### Excerpted data
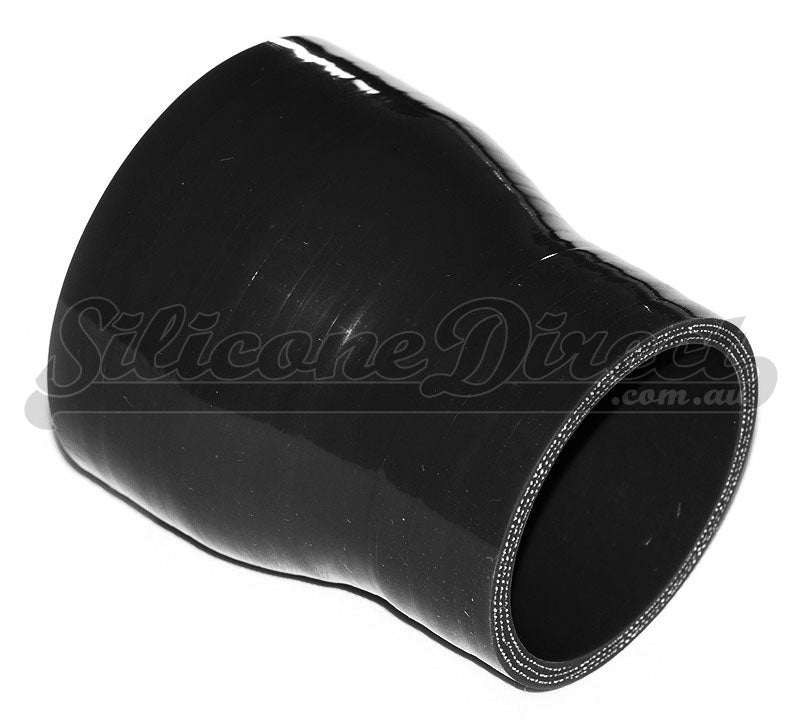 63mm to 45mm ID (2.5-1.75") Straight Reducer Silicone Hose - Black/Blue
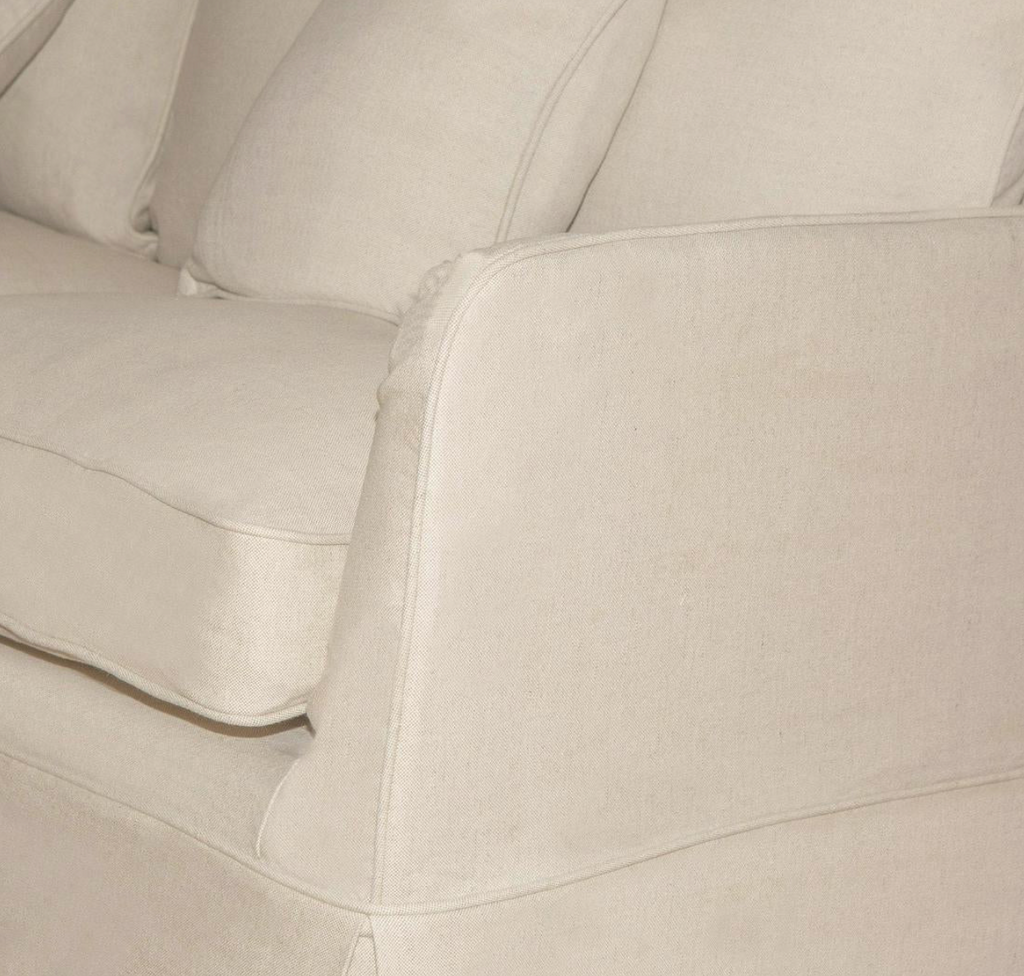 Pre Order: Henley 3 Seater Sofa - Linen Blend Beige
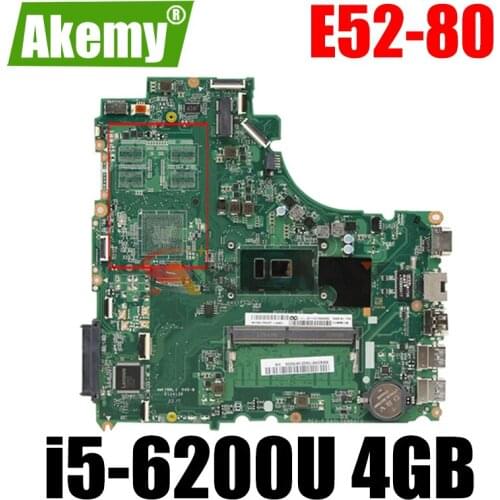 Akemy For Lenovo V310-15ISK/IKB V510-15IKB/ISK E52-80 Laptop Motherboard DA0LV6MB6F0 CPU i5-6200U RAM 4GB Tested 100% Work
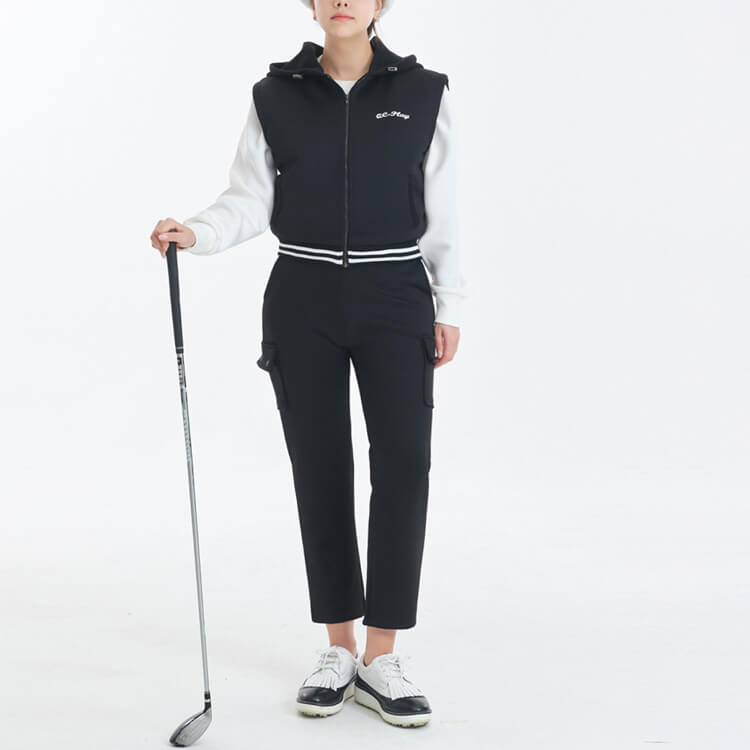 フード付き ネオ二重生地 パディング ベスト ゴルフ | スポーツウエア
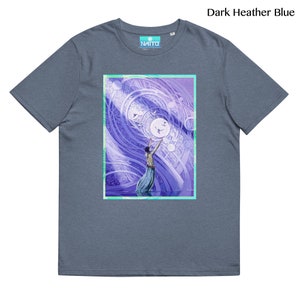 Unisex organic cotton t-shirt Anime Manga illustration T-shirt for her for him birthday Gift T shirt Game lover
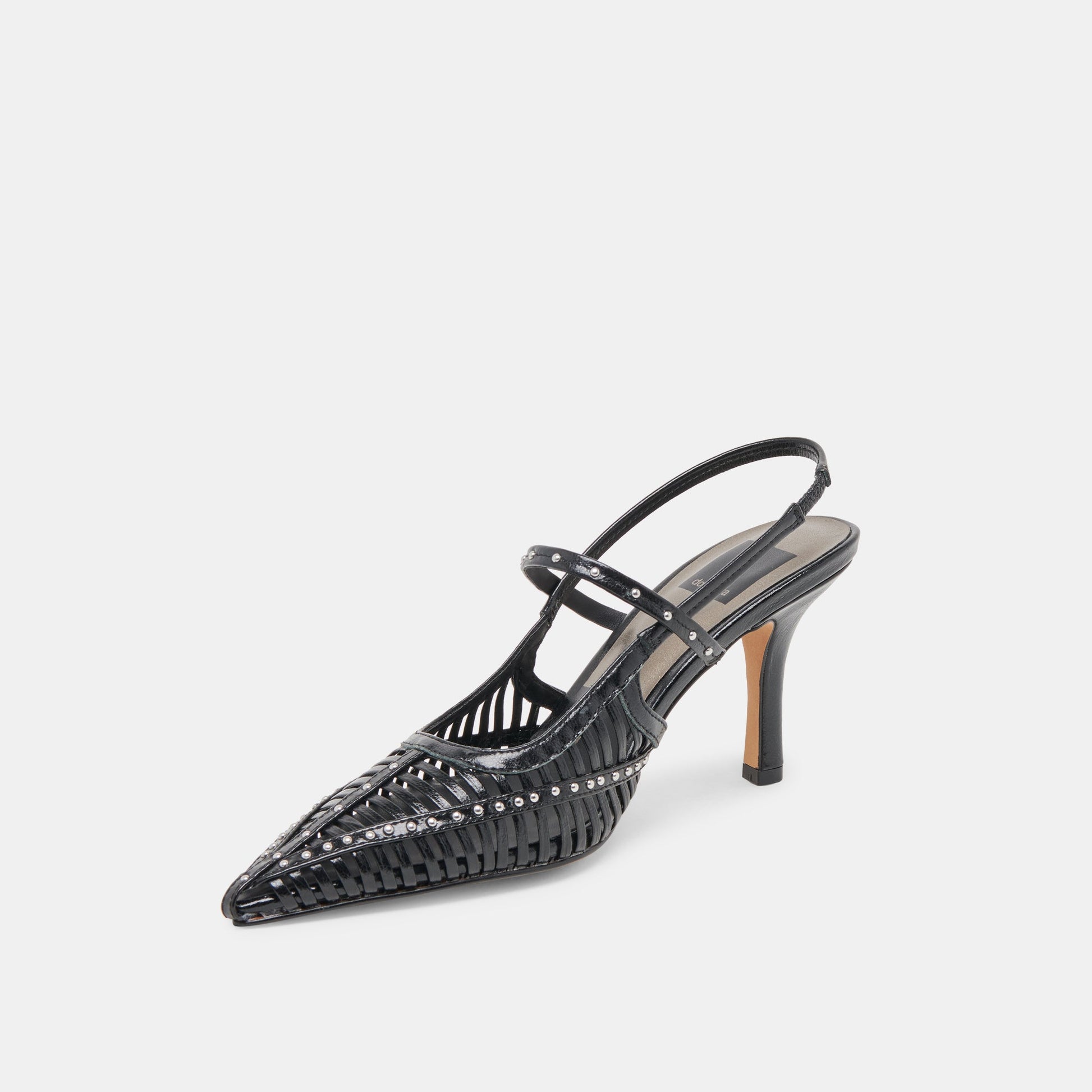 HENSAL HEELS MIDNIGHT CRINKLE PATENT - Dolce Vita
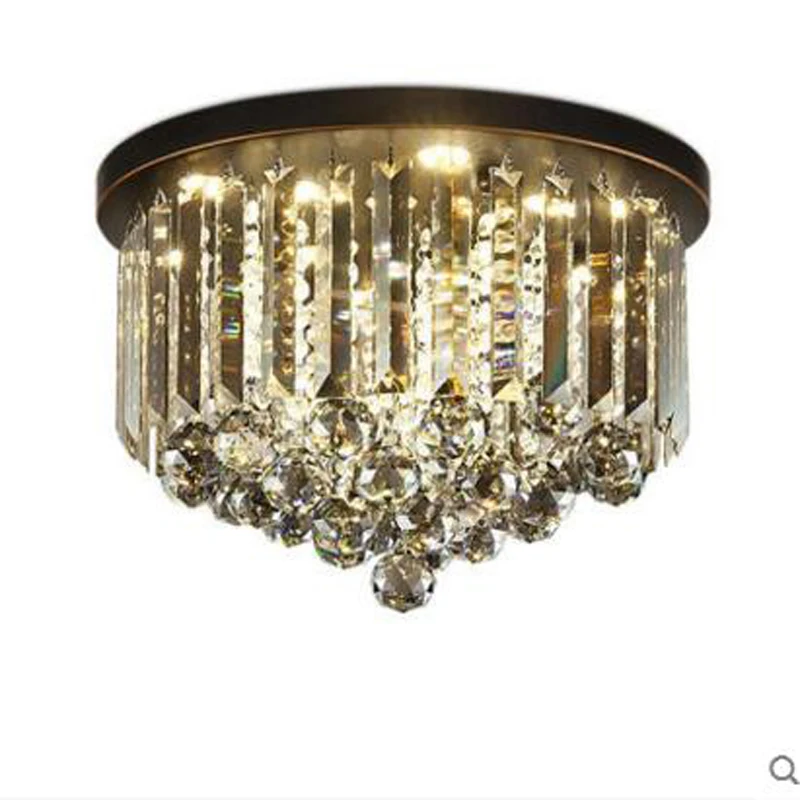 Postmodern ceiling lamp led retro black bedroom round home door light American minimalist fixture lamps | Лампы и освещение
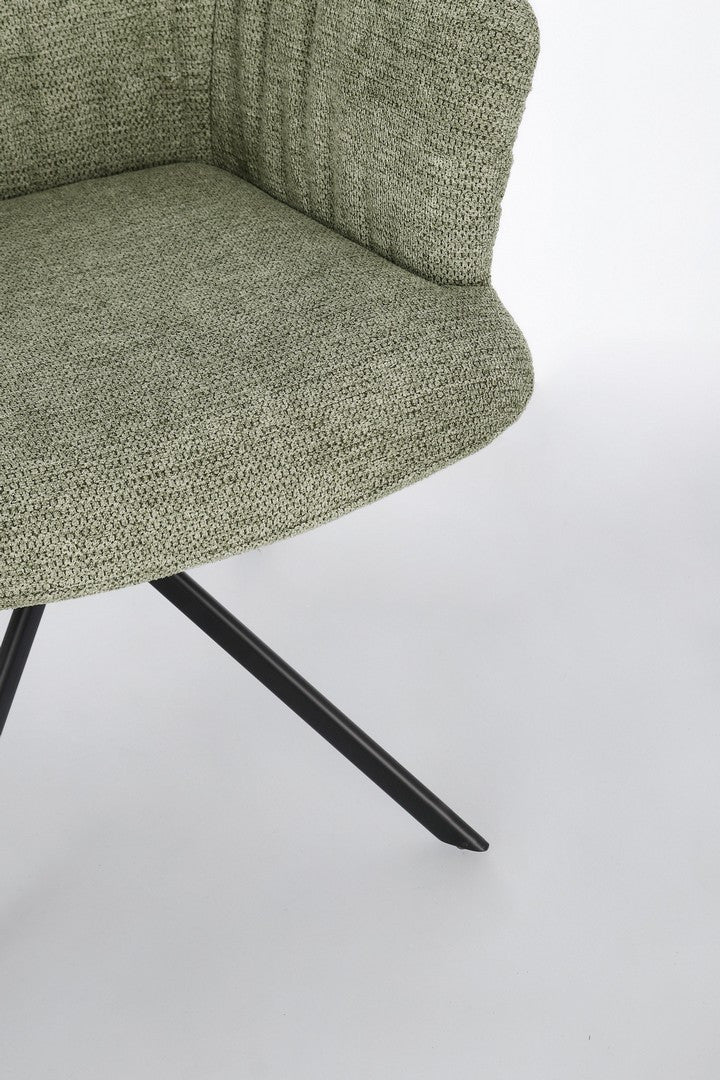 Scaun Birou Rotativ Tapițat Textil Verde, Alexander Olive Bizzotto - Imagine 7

### Task to complete
The required result is the entries above, printed exactly from the first line through the line with "Postmodern ceiling lamp", pictures excluded.

### Written solution
 63mm to 45mm ID (2.5-1.75") Straight Reducer Silicone Hose - Black/Blue
 Pre Order: Henley 3 Seater Sofa - Linen Blend Beige
 Akemy For Lenovo V310-15ISK/IKB V510-15IKB/ISK E52-80 Laptop Motherboard DA0LV6MB6F0 CPU i5-6200U RAM 4GB Tested 100% Work
 フード付き ネオ二重生地 パディング ベスト ゴルフ | スポーツウエア
 Unisex organic cotton t-shirt Anime Manga illustration T-shirt for her for him birthday Gift T shirt Game lover
 HENSAL HEELS MIDNIGHT CRINKLE PATENT - Dolce Vita
 Postmodern ceiling lamp led retro black bedroom round home door light American minimalist fixture lamps | Лампы и освещение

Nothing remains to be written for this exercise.